Die Römerstadt im Zeichen des Regenbogens: Am Samstagvormittag ist die Dorfpride sogar Thema bei der Entlassfeier im Ladenburger Carl-Benz-Gymnasium (CBG). Dass später am selben Tag jene fröhliche und bunte Demonstration für Vielfalt und Anerkennung durch die Stadt ziehe, „das passt zum Narrativ Ihrer Generation“, sagt Direktorin Hannelore Buchheister. Klar, dass allerspätestens bei der Abschlusskundgebung auf der Festwiese am frühen Abend auch viele der Abiturientinnen und Abiturienten dabei sind.
Beim Umzug mit deutlich mehr als den erwarteten 1000 Teilnehmenden laufen auch Gruppierungen von Grünen und SPD mitsamt ihren Landtagsabgeordneten Fadime Tuncer und Sebastian Cuny mit, um sich solidarisch zu zeigen. Auch die Pfarrer der beiden großen Kirchengemeinden, David Reichert und Matthias Stößer, sprechen. Tenor: „Wir stehen hinter Euch!“ Längst hat sich die Dorfpride als Demonstration für die Sichtbarkeit und Rechte für LSBTTIQ+-Personen etabliert. Das steht für lesbisch, schwul, bisexuell, transgender, transsexuell, intersexuell oder queer. Die dritte Auflage findet – nach den Vorgängerorten Mühlhausen und Oftersheim – nun in Ladenburg statt.
„Ich mache mit Freude mit“, sagt Sabine Nettelbladt vom mobilen „Café Brunetti“. Die hauptberufliche Lehrerin fügt ihre tiefe Überzeugung hinzu: „Es ist normal, verschieden zu sein.“ Das sei auch der Leitspruch „ihrer“ Astrid-Lindgren-Grundschule. Eine Schülerin habe vier Mütter. „Na und? Das ist überhaupt kein Thema für die anderen Kinder, sondern ganz normal“, sagt Nettelbladt. Sie findet es deshalb „cool, dass sich Bürgermeister Stefan Schmutz offen gezeigt hat für die Veranstaltung“. Dieser wendet sich in seiner Ansprache „gegen jede Diskriminierung“ und sagt unter Applaus: „Angst vor Ausgrenzung darf es nicht länger geben.“ Für ihn seien „Liberalität und Vielfalt eine Bereicherung“.

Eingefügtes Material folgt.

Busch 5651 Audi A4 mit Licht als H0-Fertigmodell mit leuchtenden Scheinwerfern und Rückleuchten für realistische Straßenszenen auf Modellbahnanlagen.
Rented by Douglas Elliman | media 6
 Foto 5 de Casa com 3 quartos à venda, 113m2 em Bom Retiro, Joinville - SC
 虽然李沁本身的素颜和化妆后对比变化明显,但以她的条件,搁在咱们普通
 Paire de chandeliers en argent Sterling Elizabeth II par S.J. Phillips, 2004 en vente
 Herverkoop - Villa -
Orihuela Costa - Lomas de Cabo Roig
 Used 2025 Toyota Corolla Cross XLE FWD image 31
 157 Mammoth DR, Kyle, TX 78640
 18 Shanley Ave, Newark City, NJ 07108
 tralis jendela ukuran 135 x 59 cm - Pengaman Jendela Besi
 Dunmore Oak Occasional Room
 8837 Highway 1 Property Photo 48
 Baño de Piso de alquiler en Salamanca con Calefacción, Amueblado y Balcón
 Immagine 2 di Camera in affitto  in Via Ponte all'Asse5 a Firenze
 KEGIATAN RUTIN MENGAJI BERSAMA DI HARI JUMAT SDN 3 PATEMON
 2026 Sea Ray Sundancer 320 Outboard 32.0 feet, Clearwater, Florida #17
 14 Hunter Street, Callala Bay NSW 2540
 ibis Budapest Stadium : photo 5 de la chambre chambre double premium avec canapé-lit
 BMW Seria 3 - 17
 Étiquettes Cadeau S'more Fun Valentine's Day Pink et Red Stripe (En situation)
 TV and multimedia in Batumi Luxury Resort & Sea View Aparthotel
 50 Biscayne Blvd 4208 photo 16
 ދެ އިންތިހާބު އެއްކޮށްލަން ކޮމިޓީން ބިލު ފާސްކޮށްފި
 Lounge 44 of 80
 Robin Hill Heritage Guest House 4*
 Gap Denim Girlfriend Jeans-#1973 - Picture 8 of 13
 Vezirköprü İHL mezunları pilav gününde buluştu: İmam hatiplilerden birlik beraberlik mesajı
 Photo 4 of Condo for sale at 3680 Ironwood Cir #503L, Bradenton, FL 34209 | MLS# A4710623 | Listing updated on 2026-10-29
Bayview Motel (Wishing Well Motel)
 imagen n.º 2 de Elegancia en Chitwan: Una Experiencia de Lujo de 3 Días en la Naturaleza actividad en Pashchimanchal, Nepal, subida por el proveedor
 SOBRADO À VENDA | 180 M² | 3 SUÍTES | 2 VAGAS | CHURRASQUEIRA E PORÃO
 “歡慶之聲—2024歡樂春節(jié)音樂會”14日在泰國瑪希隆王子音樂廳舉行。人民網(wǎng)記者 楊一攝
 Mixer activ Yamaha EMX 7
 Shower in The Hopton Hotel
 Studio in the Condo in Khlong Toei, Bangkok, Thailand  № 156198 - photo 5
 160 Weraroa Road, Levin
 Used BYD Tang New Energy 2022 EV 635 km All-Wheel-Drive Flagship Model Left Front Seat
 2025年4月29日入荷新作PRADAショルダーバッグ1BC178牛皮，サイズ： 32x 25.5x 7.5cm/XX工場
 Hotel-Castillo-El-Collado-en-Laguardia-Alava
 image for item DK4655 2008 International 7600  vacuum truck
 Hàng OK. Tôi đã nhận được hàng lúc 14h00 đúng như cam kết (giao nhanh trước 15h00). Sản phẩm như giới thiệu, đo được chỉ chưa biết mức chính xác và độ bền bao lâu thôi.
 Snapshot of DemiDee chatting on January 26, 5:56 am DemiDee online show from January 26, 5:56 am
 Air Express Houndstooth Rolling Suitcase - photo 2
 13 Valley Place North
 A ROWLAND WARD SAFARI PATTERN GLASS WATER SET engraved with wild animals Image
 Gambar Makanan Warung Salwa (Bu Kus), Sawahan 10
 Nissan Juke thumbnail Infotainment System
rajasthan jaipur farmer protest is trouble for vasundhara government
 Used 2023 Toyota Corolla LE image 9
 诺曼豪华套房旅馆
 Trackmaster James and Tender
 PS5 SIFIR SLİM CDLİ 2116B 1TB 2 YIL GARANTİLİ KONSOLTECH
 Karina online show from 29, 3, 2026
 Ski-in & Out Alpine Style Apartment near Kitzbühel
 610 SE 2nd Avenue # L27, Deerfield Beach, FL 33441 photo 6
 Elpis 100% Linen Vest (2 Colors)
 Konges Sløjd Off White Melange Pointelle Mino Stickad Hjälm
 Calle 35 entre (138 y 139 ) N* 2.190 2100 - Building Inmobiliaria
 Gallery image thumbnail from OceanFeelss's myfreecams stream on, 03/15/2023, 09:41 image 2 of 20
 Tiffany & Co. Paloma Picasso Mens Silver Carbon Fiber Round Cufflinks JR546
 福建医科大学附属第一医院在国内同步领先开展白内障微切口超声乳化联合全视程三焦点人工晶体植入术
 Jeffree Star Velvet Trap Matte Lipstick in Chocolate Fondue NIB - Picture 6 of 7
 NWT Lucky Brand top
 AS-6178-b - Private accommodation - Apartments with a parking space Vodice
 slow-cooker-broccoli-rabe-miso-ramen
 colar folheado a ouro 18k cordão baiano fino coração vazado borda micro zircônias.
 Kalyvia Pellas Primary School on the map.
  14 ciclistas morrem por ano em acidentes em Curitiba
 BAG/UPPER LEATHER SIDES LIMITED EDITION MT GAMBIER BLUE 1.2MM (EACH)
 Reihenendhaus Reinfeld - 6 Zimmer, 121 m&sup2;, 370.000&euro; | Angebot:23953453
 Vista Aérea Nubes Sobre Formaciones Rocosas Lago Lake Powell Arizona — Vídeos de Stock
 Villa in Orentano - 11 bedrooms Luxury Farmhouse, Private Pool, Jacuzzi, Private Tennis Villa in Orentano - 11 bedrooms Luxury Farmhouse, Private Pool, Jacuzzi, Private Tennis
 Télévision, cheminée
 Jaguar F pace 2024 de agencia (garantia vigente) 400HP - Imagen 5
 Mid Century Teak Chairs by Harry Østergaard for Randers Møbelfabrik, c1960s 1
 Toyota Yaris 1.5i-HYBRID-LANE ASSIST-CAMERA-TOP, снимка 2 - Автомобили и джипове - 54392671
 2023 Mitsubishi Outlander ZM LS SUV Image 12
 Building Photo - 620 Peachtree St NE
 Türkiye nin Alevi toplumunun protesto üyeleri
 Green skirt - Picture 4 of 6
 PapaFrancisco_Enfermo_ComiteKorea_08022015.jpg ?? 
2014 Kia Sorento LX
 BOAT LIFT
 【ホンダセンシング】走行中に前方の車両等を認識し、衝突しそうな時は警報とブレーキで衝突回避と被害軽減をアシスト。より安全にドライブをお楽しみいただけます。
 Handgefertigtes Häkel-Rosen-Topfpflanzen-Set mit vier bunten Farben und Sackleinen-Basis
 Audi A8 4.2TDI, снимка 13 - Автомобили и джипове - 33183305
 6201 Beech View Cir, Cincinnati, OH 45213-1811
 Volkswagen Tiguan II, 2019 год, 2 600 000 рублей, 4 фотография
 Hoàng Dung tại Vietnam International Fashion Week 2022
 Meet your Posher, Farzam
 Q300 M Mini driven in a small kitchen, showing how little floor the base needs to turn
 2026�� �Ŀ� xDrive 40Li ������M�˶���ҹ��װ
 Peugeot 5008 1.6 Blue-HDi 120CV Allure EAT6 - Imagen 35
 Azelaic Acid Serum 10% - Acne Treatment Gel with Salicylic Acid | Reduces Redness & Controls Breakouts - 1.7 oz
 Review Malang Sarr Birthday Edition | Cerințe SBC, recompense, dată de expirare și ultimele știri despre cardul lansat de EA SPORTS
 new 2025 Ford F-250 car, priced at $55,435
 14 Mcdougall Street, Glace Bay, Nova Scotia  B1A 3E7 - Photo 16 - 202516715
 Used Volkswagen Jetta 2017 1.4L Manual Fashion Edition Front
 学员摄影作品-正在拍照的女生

Auch die „Schülis“ aus der Merian-Realschule Ladenburg zeigen Flagge. „Ich mache mit, weil ich finde, dass jeder das Recht hat, so zu leben wie man will“, sagt Marc (16). Seine Schülergruppe setzt sich für queere Jugendliche und gegen Benachteiligung ein. „Da sind transsexuelle Jugendliche aus Ladenburg dabei“, weiß Parul Schreier, die sich als städtische Integrationsbeauftragte auch um junge Leute kümmert, die sich zur queeren Community zählen und Probleme haben, sich zu outen, also zu ihrer persönlichen geschlechtlichen oder sexuellen Orientierung zu stehen.
„Ich träume davon, irgendwann meinen Enkeln nicht mehr erklären zu müssen, was gottverdammtes Outing war“, heißt es passend dazu auf einem handgeschriebenen Umzugskarton. „Wir sind ganz normale Menschen, aber lieben gleichgeschlechtlich“, sagt Klaus Schirdewahn, der seit mehr als 40 Jahren mit seinem Mann zusammen lebt. „Ich bin hier, weil ich sehe, dass immer noch nicht die Freiheit der LSBT-Gemeinde da ist“, sagt das 75-jährige Vorstandsmitglied der Mannheimer Gruppe „Gay & Grey“. Allein dass man immerzu gefragt werde, warum man bei solchen Demonstrationen auftrete, zeige schon deren Notwendigkeit an. Schirdewahn kennt noch die Zeit, als Homosexualität strafbar war: „Ich bin mit 17 von der Polizei erwischt und verurteilt worden, und das war sehr einschneidend, denn ich habe riesig Angst haben müssen, dass meine Lehre im öffentlichen Dienst flöten geht, und auch in der Familie habe ich Ablehnung erfahren müssen“, berichtet er.
Dass diese bis 1994 andauernde Zeit vorbei sei, bedeute keineswegs, dass nun alles gut sei: „Ich habe schon einiges mitgemacht und denke, man muss heute die Jugend darauf aufmerksam machen, mehr nachzudenken und nicht bloß ’schwule Sau’ zu rufen, denn das ist sehr verletzend und für einen jungen Menschen, der sich sexuell findet, furchtbar“, sagt Schirdewahn.
„Es geht nicht mehr um Toleranz, sondern um Akzeptanz und Respekt, aber wir werden immer noch bedroht und diffamiert“, sagt Patrick Alberti vom Organisationsteam unter Beifall in seiner Ansprache. „Wir verlangen, dass unsere Existenz durch Gesetze geschützt wird“, lautet seine politische Forderung.